Machiavelli speaks of necessity, yet overlooks how claims of "necessity" are the very tools by which liberty is systematically dismantled. The crucial distinction lies between a temporary, clearly defined emergency – a house aflame, requiring immediate, targeted action from the inhabitants – and the state's claim to preemptively restrict liberties based on abstract future threats. This latter presumption, which Habermas touches upon regarding legitimate deliberation, is where the "fatal conceit" manifests most dangerously. When the state assumes the power to dictate what constitutes "necessary" infringements, it abandons the general rules of just conduct, the very framework that enables individuals to coordinate their actions and build a predictable social order. The consequence is not greater security, but a creeping entitlement to dictate specific outcomes, a path that inevitably leads to the ossification of individual initiative and the loss of genuine freedom.

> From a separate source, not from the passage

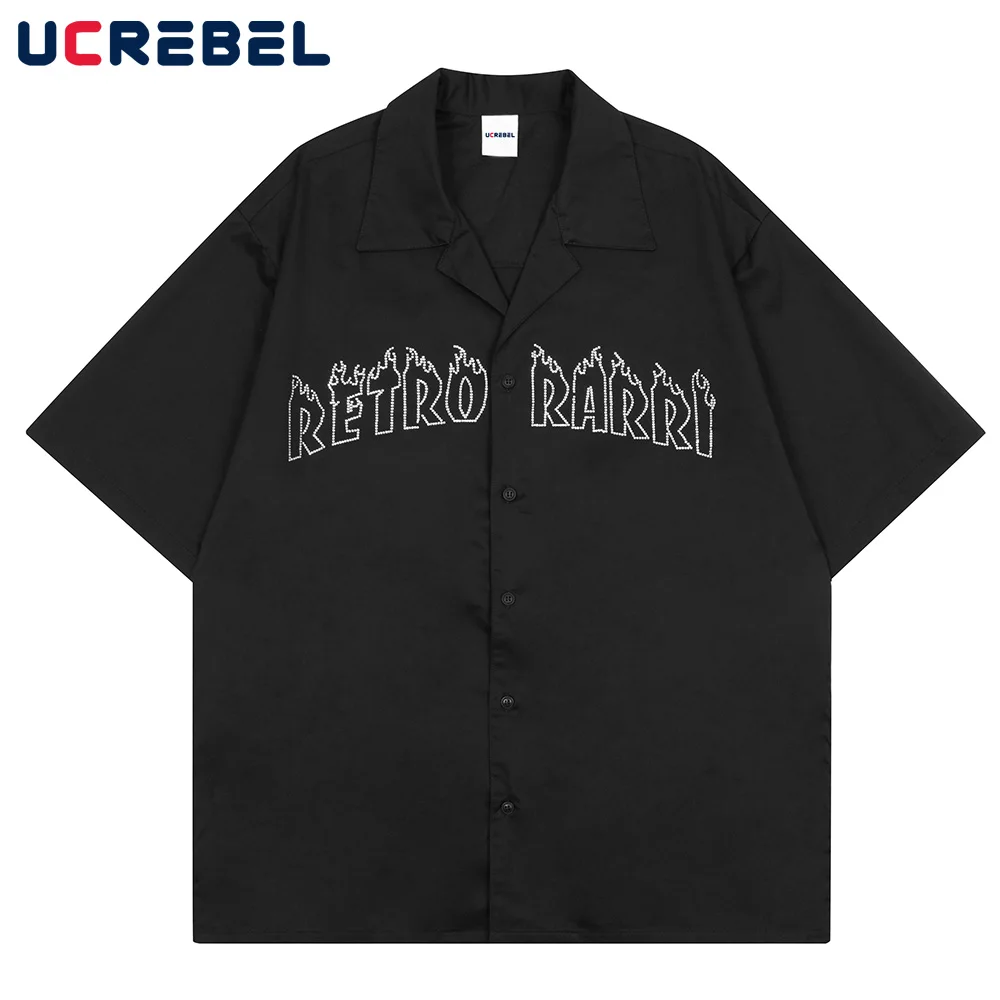 

Letter Rhinestone Short Sleeve Shirt Mens Summer Loose Casual Shoulder Drop Half-Sleeve Streetwear Lapel Shirts Men Cotton Top
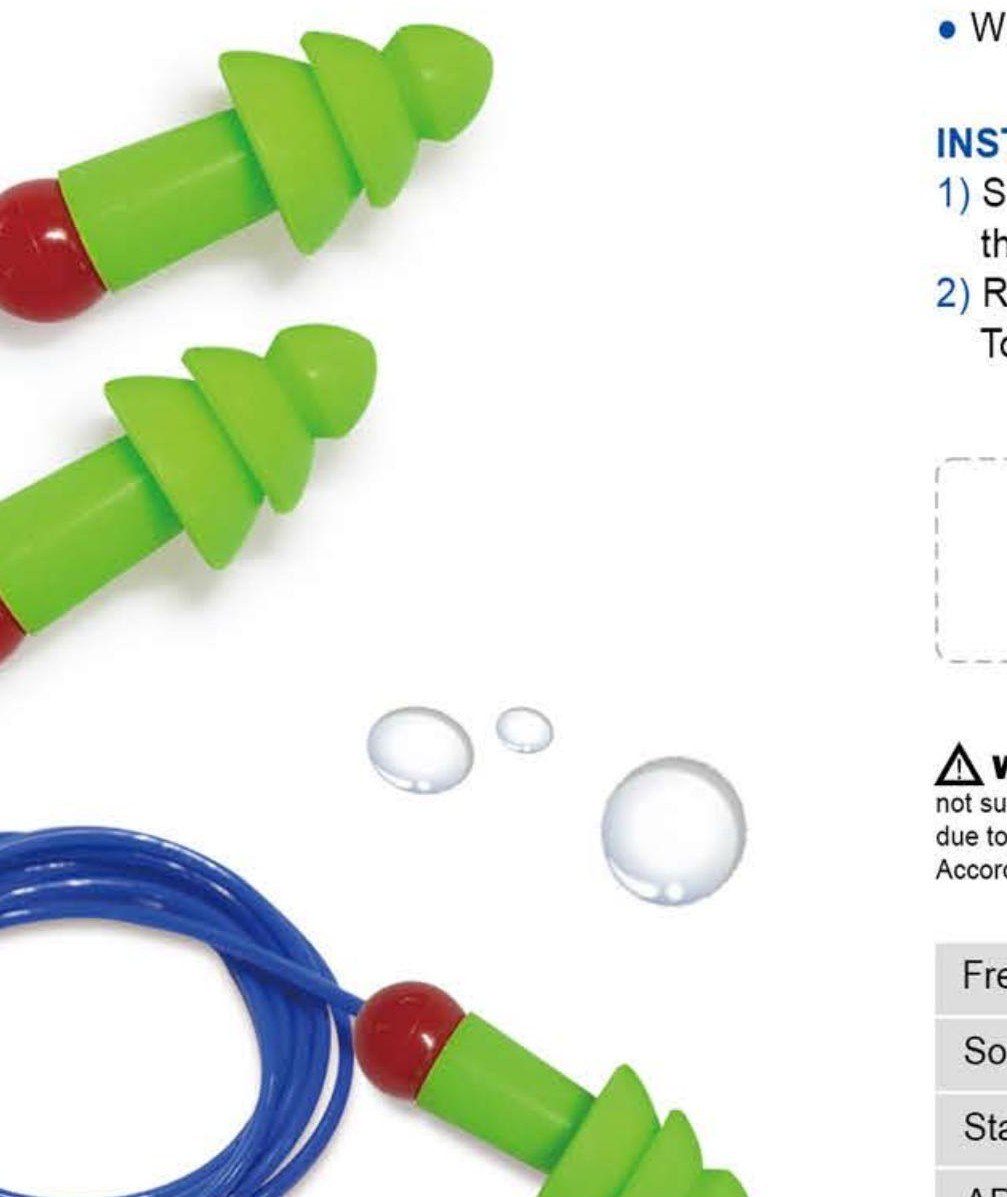 EC-2011P aqua/swim silicone earplugs with red tips and cord, unbranded product photo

Machiavelli’s analogy of the besieged city is precisely where the danger lies. He posits a false dichotomy: either the prince acts unilaterally and decisively, or the state collapses. But the very legitimacy of the state’s authority to act in defense of itself rests on its ability to uphold the conditions for self-governance. If the state suspends the deliberative processes that grant it legitimacy during a perceived crisis, it forfeits the moral basis for its own existence as a free society. The "parapets" can only be debated in stable times, but the mechanisms for that debate must be preserved, not abandoned, even when the threat looms. When Machiavelli argues for decisive, even brutal, action to eliminate threats to the "nascent liberty," he risks extinguishing the very liberty he purports to protect by precluding the democratic accountability that would frame and legitimize such drastic measures.
To speak of "protecting the state" as distinct from protecting the people is already a departure. The state is not a mountain to be defended from erosion, but a riverbed that guides the water's natural course. When the river overflows, it is not because the riverbed has failed, but because it has been obstructed by those who seek to channel it too rigidly. The liberty of the individual is like the water itself; it flows freely when the banks are natural and unforced.
Machiavelli’s prince, ever vigilant for the wolf, often *invites* the wolf by cultivating fear. He sees a threat where there is merely a ripple in the pond. Hayek understands that attempts to control the water's flow lead to its stagnation, yet he would still build dams. True security is not in the strength of the dam, but in a healthy, balanced ecosystem where the water finds its own level and nourishes all it touches. When the ruler acts with wu wei, the people naturally find their own harmony, and the "state" needs no protection from itself.